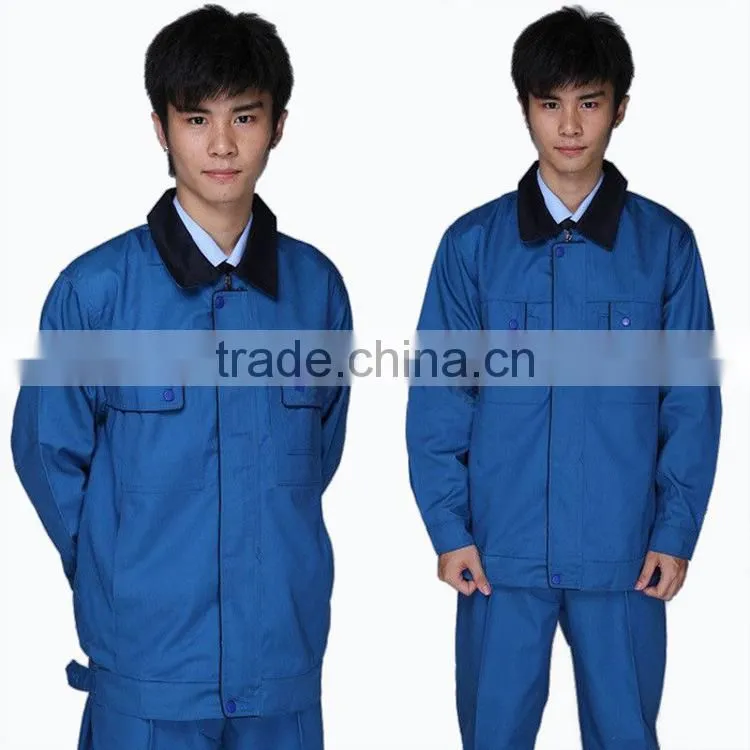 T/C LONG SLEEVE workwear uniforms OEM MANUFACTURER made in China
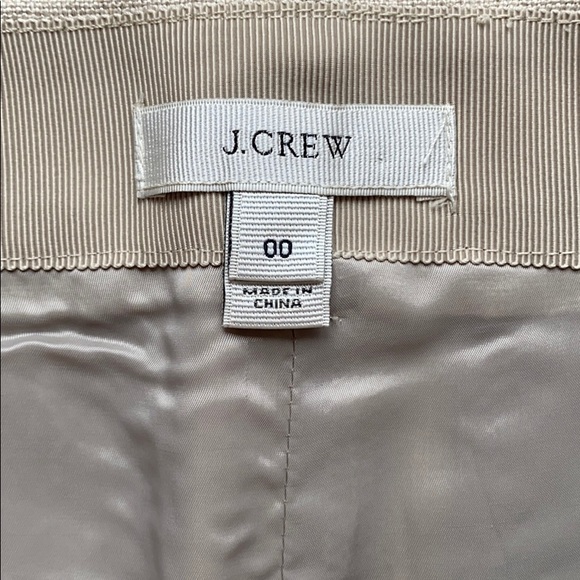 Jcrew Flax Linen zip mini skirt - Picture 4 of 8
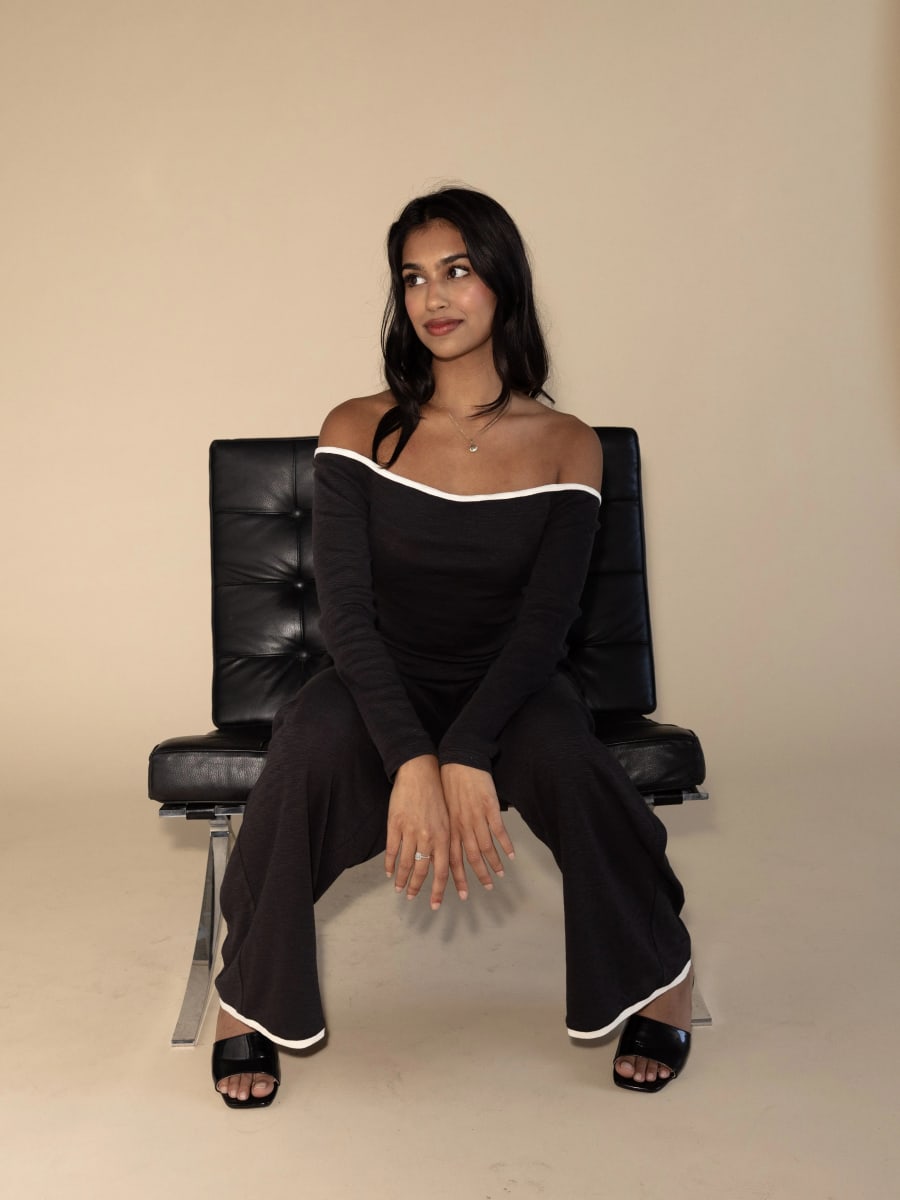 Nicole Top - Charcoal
____
:: Exercise goal ::
Reproduce the lines above letter for letter. The pictures stay behind.

:: Solution for this problem ::
 T/C LONG SLEEVE workwear uniforms OEM MANUFACTURER made in China
 Jcrew Flax Linen zip mini skirt - Picture 4 of 8
 Nicole Top - Charcoal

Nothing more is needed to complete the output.